To see how the bounds on worst VaR depend on the chosen tolerance, consider the following.

## Build the input matrices for rearrange()
N <- res.ARA$N.used
p.low <- alpha + (1-alpha)*(0:(N-1))/N # probability points for worst VaR (lower bound)
p.up  <- alpha + (1-alpha)*(1:N)/N # probability points for worst VaR (upper bound)
X.low <- sapply(qF, function(qF) qF(p.low)) # input matrix (lower bound)
X.up  <- sapply(qF, function(qF) qF(p.up)) # input matrix (upper bound)
X.up[N,] <- sapply(1:d, function(j) if(is.infinite(X.up[N,j]))
                   qF[[j]](alpha+(1-alpha)*(1-1/(2*N))) else X.up[N,j])

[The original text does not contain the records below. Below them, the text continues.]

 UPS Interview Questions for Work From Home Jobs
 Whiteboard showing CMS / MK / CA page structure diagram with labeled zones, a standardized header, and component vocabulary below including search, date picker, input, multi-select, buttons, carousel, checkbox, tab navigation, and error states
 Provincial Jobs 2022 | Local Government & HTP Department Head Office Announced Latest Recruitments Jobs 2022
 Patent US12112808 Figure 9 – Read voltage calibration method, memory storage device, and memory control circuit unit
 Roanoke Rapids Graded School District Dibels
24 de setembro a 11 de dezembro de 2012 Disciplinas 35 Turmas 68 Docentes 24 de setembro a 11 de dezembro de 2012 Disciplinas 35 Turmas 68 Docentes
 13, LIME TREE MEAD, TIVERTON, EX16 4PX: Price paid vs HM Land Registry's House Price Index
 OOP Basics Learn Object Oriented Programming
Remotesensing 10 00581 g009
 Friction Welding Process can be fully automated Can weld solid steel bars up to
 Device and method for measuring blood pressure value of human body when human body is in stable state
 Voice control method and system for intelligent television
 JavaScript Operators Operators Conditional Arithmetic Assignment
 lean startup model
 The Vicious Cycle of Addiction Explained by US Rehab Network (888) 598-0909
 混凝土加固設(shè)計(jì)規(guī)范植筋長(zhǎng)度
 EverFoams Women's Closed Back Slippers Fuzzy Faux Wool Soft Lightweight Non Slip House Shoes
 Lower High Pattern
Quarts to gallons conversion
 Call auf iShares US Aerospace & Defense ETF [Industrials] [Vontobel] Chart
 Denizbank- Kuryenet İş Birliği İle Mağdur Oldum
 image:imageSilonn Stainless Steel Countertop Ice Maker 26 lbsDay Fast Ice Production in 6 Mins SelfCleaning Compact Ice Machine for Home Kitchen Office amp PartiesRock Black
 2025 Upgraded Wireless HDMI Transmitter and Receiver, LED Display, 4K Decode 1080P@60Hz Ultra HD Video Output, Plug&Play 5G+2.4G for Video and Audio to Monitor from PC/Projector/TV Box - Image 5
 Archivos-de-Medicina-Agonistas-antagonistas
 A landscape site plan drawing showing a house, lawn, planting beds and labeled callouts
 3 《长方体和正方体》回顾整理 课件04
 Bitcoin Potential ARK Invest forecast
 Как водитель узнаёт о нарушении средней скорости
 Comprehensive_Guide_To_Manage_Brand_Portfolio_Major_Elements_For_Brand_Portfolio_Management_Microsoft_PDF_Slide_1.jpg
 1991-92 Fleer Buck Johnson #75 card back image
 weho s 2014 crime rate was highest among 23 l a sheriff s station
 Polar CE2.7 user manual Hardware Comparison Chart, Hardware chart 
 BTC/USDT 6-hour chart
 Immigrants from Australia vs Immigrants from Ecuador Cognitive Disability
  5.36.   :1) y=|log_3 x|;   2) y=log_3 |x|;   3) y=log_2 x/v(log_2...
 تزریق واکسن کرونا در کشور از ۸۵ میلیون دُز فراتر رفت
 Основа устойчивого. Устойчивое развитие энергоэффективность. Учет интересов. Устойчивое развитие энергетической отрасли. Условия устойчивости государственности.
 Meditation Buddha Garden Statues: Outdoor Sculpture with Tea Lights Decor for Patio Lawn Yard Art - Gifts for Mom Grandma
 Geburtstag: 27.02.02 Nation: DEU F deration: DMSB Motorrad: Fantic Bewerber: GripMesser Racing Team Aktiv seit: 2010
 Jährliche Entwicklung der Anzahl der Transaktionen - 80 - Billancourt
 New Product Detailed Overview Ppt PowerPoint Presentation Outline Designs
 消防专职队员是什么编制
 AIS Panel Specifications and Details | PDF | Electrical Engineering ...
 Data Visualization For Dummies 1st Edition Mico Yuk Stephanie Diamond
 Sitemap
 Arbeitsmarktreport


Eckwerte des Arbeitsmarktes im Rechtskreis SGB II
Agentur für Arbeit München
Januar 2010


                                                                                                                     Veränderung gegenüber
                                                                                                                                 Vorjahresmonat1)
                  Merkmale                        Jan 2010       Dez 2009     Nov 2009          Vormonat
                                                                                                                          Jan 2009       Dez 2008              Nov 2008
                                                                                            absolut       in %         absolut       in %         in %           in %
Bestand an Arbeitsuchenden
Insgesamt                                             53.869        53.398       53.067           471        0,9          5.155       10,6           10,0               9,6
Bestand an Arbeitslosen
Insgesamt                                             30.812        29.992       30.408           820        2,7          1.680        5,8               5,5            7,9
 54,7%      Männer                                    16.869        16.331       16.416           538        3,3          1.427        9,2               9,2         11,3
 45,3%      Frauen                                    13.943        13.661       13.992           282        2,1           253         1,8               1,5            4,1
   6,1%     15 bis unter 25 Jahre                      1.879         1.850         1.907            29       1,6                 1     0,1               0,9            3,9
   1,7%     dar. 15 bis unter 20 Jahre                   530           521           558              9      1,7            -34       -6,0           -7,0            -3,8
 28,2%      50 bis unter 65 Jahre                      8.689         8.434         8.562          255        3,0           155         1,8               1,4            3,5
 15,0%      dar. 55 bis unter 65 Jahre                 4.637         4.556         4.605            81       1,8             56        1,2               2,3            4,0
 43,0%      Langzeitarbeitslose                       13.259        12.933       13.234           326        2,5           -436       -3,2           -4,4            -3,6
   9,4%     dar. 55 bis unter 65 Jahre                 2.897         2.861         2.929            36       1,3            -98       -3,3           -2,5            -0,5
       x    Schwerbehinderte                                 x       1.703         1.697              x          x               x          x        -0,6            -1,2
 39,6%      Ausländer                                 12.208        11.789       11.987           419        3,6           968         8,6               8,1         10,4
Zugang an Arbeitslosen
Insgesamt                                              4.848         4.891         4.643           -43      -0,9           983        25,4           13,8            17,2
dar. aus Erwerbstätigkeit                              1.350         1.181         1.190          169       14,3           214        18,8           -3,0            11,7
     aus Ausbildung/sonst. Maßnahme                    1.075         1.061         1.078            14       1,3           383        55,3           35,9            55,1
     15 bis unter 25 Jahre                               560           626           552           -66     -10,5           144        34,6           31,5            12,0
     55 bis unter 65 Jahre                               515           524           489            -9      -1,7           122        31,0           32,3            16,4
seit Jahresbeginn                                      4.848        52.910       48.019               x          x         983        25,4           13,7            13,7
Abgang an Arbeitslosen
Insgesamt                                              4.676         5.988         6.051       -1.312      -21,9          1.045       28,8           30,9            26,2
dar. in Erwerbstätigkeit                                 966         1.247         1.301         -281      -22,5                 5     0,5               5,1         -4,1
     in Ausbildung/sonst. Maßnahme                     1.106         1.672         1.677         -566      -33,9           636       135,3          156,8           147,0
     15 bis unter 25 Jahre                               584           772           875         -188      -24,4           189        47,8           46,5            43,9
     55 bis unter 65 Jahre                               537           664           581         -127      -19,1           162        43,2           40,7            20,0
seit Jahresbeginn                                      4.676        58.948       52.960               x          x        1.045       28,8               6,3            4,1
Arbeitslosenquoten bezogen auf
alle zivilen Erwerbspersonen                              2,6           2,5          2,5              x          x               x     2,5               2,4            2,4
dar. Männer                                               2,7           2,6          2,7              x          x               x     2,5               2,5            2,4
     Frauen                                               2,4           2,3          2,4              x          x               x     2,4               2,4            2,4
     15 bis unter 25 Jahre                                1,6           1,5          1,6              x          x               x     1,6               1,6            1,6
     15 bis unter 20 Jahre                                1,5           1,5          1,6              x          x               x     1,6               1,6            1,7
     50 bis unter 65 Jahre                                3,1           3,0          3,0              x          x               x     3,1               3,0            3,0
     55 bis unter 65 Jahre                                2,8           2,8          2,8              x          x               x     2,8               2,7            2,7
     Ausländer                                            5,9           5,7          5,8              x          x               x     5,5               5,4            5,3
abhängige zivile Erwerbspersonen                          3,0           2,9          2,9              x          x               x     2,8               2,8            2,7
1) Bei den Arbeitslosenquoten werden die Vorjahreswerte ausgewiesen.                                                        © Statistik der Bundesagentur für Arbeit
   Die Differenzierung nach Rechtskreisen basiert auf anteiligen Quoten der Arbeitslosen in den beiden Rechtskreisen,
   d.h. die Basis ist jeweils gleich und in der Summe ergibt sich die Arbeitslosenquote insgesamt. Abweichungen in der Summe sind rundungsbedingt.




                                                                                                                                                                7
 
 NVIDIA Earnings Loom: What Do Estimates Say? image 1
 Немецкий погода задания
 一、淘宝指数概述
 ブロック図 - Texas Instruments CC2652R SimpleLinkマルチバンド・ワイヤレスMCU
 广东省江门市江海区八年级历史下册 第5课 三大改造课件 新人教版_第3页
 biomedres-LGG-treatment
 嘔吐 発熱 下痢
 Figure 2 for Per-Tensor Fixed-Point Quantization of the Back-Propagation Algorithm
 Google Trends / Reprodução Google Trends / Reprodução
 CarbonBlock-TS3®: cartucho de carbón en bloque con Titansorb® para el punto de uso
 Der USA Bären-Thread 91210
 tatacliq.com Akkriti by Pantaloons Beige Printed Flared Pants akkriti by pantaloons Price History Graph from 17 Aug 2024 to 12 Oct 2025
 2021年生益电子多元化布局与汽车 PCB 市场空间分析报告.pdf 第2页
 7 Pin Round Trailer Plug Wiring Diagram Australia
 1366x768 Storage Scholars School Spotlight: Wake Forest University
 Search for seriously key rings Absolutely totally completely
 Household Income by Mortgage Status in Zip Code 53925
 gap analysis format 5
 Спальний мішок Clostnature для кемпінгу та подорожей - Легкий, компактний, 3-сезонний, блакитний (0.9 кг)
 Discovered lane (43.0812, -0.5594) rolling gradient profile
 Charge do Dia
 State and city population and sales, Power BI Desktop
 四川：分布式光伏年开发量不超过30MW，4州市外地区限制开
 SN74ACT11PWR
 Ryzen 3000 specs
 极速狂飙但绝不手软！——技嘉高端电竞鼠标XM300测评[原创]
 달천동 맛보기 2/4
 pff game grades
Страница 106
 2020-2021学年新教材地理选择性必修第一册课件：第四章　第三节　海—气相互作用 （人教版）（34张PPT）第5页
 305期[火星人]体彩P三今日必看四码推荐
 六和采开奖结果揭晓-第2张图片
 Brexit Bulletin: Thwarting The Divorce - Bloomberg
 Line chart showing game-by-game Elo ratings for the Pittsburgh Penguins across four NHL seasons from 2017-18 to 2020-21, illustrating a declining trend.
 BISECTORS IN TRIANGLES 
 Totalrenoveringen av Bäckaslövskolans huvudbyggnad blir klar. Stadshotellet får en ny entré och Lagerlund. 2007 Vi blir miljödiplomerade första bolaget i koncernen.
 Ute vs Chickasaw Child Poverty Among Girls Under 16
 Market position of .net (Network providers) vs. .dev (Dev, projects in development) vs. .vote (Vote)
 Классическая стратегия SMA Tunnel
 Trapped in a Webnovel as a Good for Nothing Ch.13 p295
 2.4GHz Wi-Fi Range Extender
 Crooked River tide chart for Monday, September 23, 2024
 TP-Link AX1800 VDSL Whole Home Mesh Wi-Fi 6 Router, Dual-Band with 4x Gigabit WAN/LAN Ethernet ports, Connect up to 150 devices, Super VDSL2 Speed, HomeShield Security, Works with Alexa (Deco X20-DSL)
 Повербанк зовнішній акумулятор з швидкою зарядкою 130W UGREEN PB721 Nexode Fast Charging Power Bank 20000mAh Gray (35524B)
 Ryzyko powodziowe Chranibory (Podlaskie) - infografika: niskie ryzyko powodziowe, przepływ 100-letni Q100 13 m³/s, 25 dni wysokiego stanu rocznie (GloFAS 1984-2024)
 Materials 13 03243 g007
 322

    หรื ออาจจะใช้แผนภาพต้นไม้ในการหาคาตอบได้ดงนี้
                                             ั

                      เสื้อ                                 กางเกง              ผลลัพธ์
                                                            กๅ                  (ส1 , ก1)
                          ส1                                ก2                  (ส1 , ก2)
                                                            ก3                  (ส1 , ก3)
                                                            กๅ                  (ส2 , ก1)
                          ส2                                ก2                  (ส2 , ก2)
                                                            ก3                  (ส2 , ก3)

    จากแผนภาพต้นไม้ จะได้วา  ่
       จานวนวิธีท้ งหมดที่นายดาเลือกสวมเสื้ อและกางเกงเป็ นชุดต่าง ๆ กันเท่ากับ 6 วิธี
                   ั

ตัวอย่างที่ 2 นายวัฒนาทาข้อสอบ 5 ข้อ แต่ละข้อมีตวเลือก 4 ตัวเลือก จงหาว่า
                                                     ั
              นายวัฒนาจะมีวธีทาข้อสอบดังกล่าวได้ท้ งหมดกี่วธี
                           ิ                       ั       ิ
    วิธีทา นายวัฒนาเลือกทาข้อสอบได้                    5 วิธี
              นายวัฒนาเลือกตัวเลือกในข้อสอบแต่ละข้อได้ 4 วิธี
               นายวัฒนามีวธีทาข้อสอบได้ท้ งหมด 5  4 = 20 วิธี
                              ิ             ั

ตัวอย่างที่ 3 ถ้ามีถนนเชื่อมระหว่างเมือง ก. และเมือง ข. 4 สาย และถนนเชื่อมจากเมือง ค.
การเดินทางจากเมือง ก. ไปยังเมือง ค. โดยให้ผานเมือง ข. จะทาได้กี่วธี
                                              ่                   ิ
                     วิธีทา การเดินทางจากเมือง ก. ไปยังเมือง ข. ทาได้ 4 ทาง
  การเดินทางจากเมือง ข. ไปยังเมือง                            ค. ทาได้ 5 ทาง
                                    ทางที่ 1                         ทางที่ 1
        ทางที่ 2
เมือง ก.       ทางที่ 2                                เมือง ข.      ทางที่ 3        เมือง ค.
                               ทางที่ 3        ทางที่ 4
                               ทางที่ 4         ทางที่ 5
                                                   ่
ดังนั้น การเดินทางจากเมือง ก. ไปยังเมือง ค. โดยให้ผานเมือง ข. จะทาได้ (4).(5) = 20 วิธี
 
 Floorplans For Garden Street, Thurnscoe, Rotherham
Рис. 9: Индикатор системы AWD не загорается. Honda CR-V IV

## Apply rearrange() for various tolerances (incl. NULL)
tol <- seq(0, 0.5, length.out = 21) # tolerances considered
res.low  <- sapply(tol, function(t) rearrange(X.low,  tol = t, sample = FALSE, is.sorted = TRUE)$bound)
res.low. <- rearrange(X.low, tol = NULL, sample = FALSE, is.sorted = TRUE)$bound # for tol = NULL
res.up  <- sapply(tol, function(t) rearrange(X.up, tol = t, sample = FALSE, is.sorted = TRUE)$bound)
res.up. <- rearrange(X.up, tol = NULL, sample = FALSE, is.sorted = TRUE)$bound # for tol = NULL
## Plot the lower and upper bound on worst VaR as a function of the chosen tol
if(doPDF)
    pdf(file = (file <- paste0("fig_worst_VaR_bounds_application.pdf")),
        width = 6, height = 6)
par(mar = c(5, 4+1, 4, 2) + 0.1) # increase space (for y axis label)
plot(tol, res.low, type = "b", log = "y", ylim = range(res.low, res.low., res.up, res.up.),
     col = "royalblue3", xlab = "Relative tolerance tol of rearrange()",
     ylab = substitute("Bounds on"~bar(VaR)[a](L^{"+"}), list(a = alpha)))
points(0, res.low., pch = 3, col = "royalblue3") # draw tol = NULL result at 0, too (as '+')
lines(tol, res.up, type = "b")
points(0, res.up., pch = 3) # draw tol = NULL result at 0, too (as '+')
legend("topright", bty = "n", lty = rep(1,2),
       col = c("black", "royalblue3"), legend = c("Upper bound", "Lower bound"))
if(doPDF) dev.off()

As we see, the results for tol = NULL (that is, all columns oppositely ordered with respect to the sum of all others; indicated by a ‘+’) are identical to the results for tol = 0 here; the latter are typically much faster to compute.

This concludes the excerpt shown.